▶ **Exercise requirements**: Look through the records below for the line with "DRAGON BALL 綿100％半袖Tシャツ（背面プリント）". Return that line and each one after it up to and including the line with "Compañía Pedrozo, Ypacaraí: Sin", exactly.

[The input]

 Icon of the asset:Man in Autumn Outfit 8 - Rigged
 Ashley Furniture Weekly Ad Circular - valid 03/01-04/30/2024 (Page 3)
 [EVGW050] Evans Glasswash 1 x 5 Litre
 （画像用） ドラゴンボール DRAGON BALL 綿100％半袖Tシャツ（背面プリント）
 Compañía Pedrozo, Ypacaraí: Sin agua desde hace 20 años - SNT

[/The input]
[The input]

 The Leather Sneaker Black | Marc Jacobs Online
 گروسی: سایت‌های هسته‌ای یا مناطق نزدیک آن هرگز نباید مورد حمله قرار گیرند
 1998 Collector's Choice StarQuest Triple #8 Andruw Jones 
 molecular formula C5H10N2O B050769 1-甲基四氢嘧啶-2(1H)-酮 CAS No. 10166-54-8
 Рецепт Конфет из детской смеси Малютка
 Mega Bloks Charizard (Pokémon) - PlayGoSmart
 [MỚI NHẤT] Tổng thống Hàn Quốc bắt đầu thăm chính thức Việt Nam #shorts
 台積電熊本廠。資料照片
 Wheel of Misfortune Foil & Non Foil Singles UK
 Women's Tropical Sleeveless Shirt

[/The input]

▶ **Finished exercise**:
 （画像用） ドラゴンボール DRAGON BALL 綿100％半袖Tシャツ（背面プリント）
 Compañía Pedrozo, Ypacaraí: Sin agua desde hace 20 años - SNT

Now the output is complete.